- [PROBLEM]
Leaving out every picture, copy the lines of the material below exactly, from the line containing "Purple abstract drawing T-Shirt" through the line containing "海边4k3建筑风景热带风景花园_40962304_高清素材(编号".

- [SUPPLIED DATA]
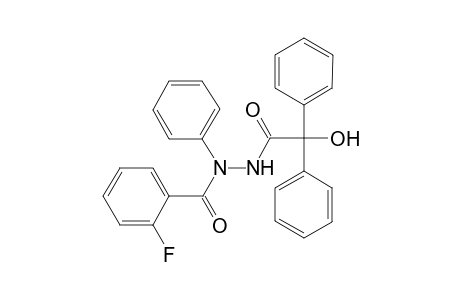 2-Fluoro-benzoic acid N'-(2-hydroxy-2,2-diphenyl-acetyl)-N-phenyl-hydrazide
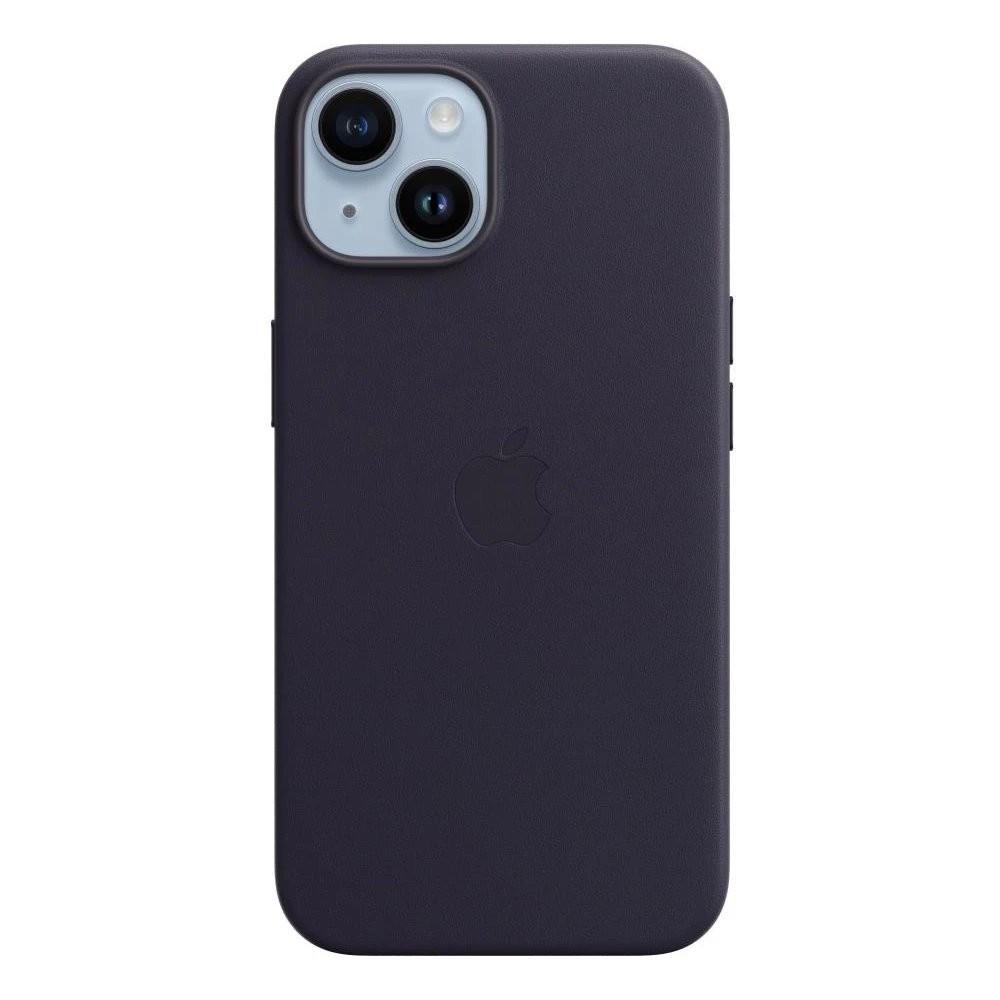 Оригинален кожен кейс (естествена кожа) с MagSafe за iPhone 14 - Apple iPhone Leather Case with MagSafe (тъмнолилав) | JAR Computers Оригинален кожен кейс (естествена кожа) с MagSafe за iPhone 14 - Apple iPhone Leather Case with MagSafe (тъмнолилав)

--

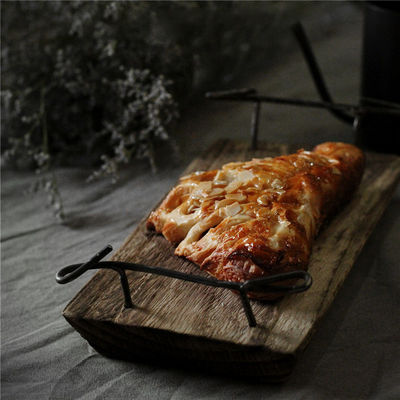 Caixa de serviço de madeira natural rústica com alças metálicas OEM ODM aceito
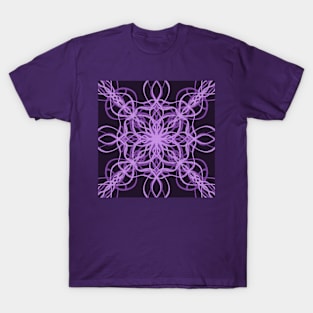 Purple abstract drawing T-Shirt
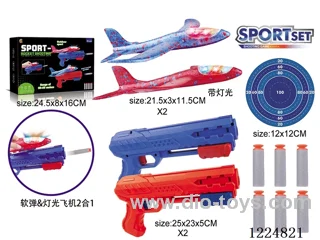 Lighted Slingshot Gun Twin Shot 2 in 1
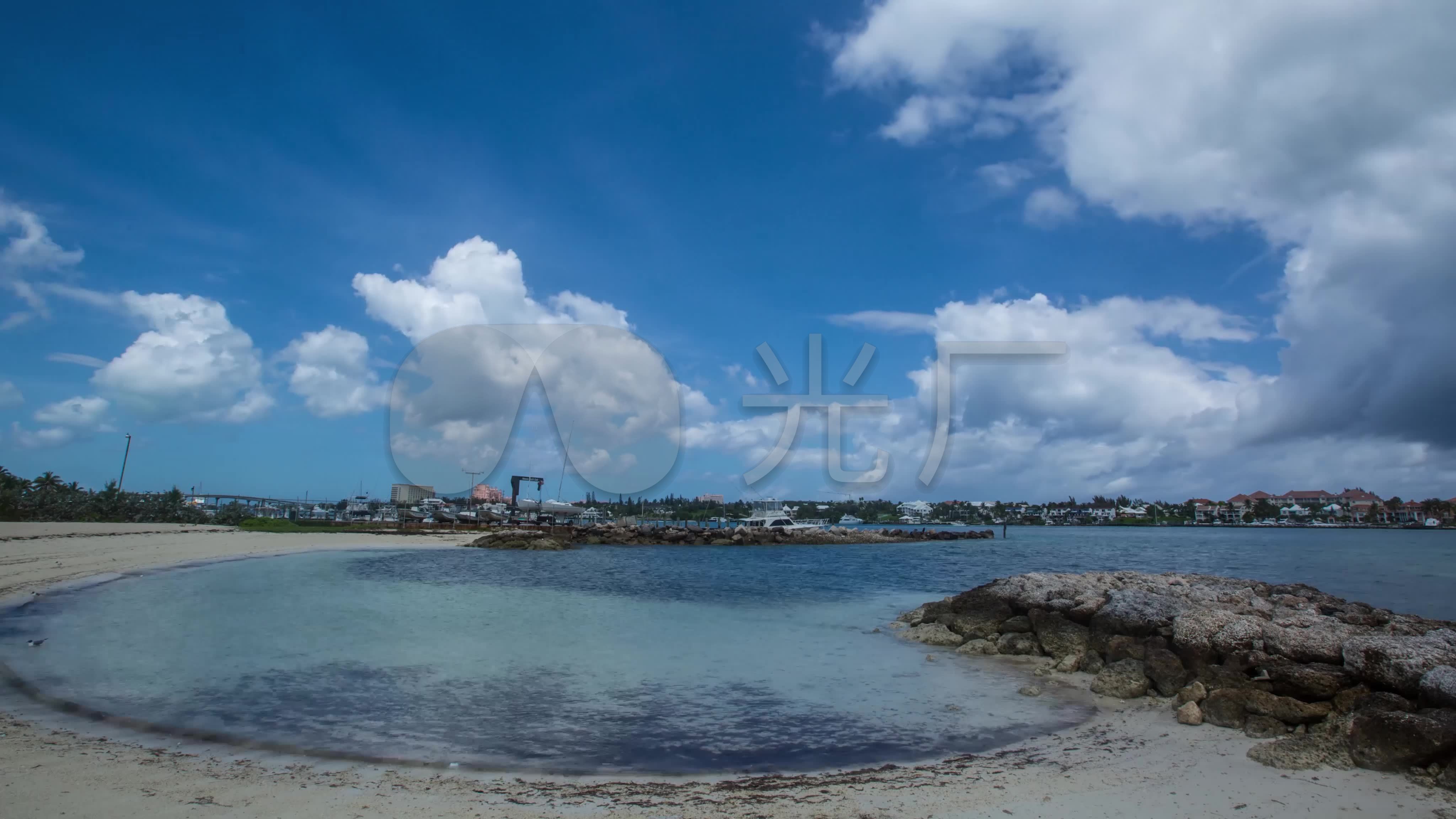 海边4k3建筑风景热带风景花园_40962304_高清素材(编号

- [WRITTEN RESPONSE]
 Purple abstract drawing T-Shirt
 Lighted Slingshot Gun Twin Shot 2 in 1
 海边4k3建筑风景热带风景花园_40962304_高清素材(编号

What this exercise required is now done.